(Beginning of DATA PROVIDED)

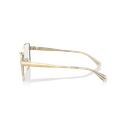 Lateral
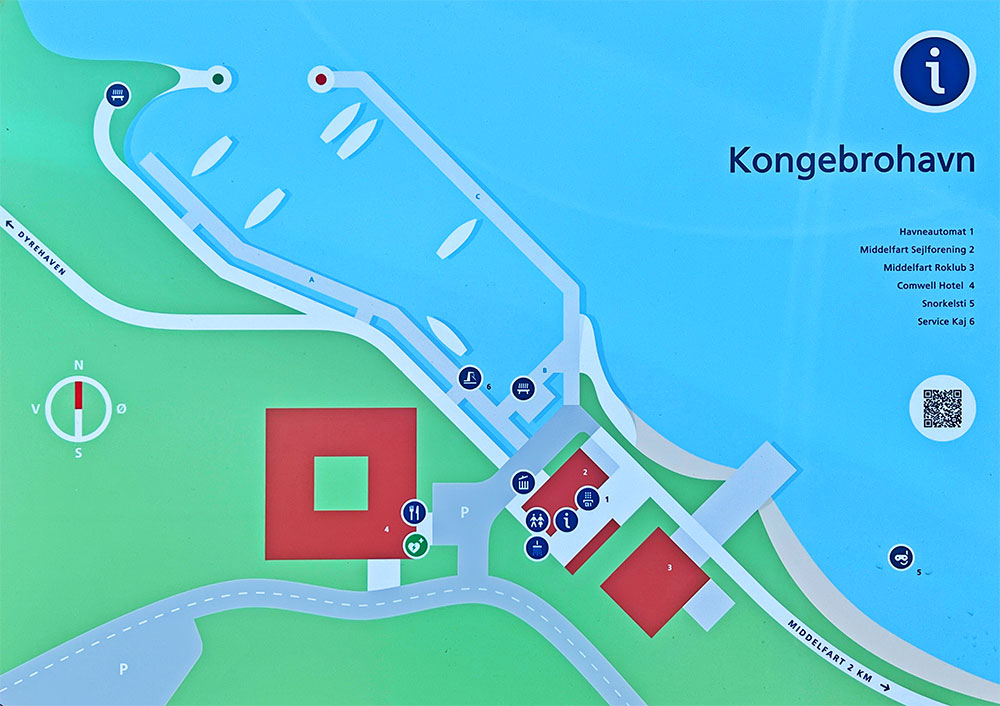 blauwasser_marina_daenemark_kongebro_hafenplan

(End of DATA PROVIDED)
(Beginning of DATA PROVIDED)

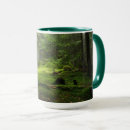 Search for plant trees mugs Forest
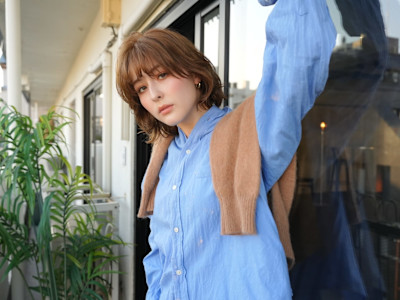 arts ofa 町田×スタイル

(End of DATA PROVIDED)

THE TASK –
Extract the part of the records that opens with the line containing "Search for plant trees mugs Forest" and closes with the line containing "arts ofa 町田×スタイル". Take only those lines, exactly, and no pictures.

ANSWER FOR THIS EXERCISE –
 Search for plant trees mugs Forest
 arts ofa 町田×スタイル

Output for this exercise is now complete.